## RECORDS SUPPLIED
- Opening Delimiter -
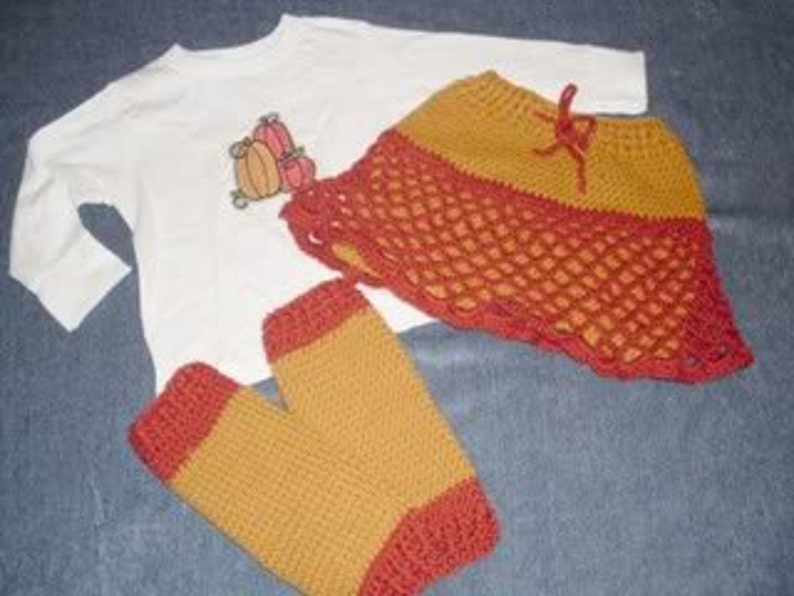 Autumn Harvest Crocheted Wool Skirty set skirt, shirt /& leg warmers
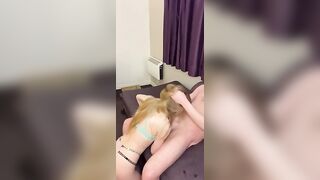 Thin filthy blonde give a incredible sexy fellatio into hotel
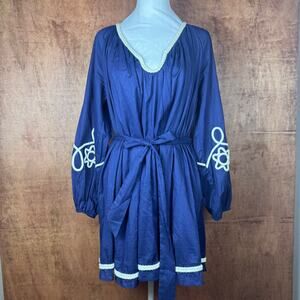 Strut & Bolt SMALL navy blue long sleeve mini dress braid embroidery pockets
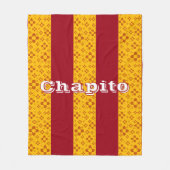 Couverture Polaire Grilles verticales Zia Soleil Rouge Jaune Nouveau- (Devant)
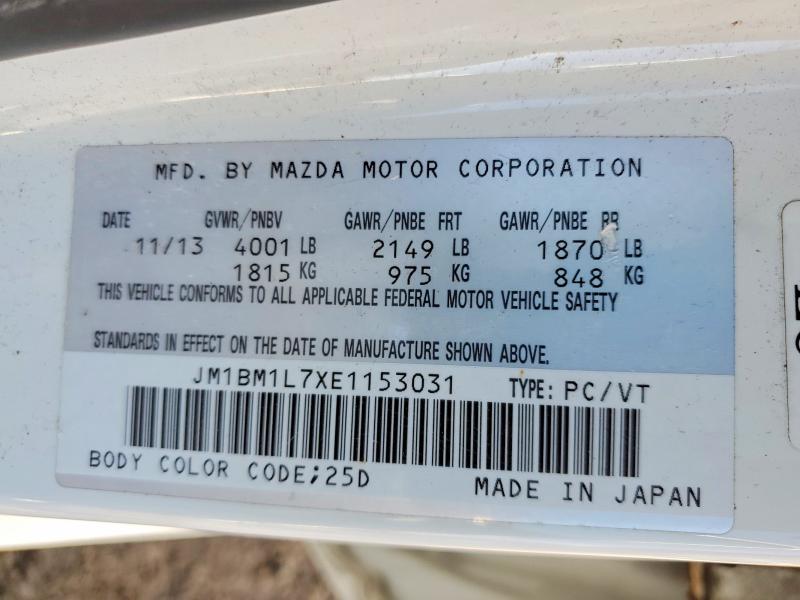 2014 Mazda Mazda3 Spo მანქანა იყიდება აუქციონზე, vin: JM1BM1L7XE1153031, აუქციონის ნომერი: 42079326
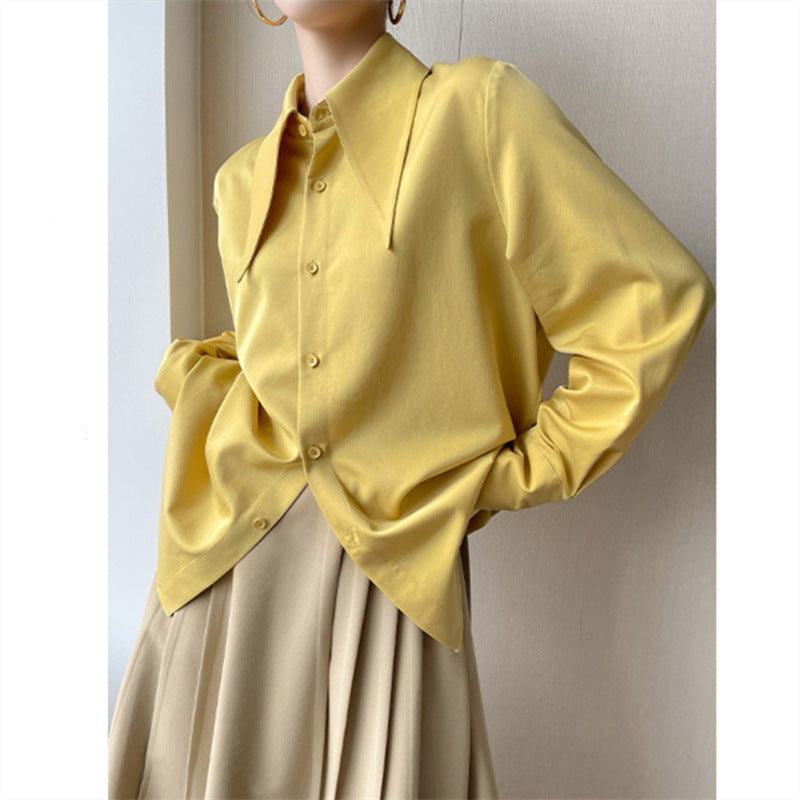 French Chic Pointed Collar Shirt – same ANTHEM | Classic Business Style for Soulmates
- Closing Delimiter -
## PROBLEM TO SOLVE
Each line from the one bearing "Strut & Bolt" through the final line of the records is to be copied exactly, and no pictures are to be included.

## YOUR RESPONSE
 Strut & Bolt SMALL navy blue long sleeve mini dress braid embroidery pockets
 Couverture Polaire Grilles verticales Zia Soleil Rouge Jaune Nouveau- (Devant)
 2014 Mazda Mazda3 Spo მანქანა იყიდება აუქციონზე, vin: JM1BM1L7XE1153031, აუქციონის ნომერი: 42079326
 French Chic Pointed Collar Shirt – same ANTHEM | Classic Business Style for Soulmates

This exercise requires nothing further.